__Your instructions__. In the material below, the lines to reproduce exactly are the one containing "A documentary photograph" and all lines after it through the last.

__Data excerpts__.
▬▬▬▬▬▬
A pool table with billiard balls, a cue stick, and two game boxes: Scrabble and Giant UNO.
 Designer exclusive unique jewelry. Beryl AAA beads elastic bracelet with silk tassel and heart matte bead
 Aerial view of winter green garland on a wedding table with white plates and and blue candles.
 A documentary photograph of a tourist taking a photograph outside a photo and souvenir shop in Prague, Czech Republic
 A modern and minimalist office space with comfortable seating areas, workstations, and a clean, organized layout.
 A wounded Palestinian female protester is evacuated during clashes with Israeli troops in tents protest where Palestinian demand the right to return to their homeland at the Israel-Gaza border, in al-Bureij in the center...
▬▬▬▬▬▬
__Solution to this exercise__.
 A documentary photograph of a tourist taking a photograph outside a photo and souvenir shop in Prague, Czech Republic
 A modern and minimalist office space with comfortable seating areas, workstations, and a clean, organized layout.
 A wounded Palestinian female protester is evacuated during clashes with Israeli troops in tents protest where Palestinian demand the right to return to their homeland at the Israel-Gaza border, in al-Bureij in the center...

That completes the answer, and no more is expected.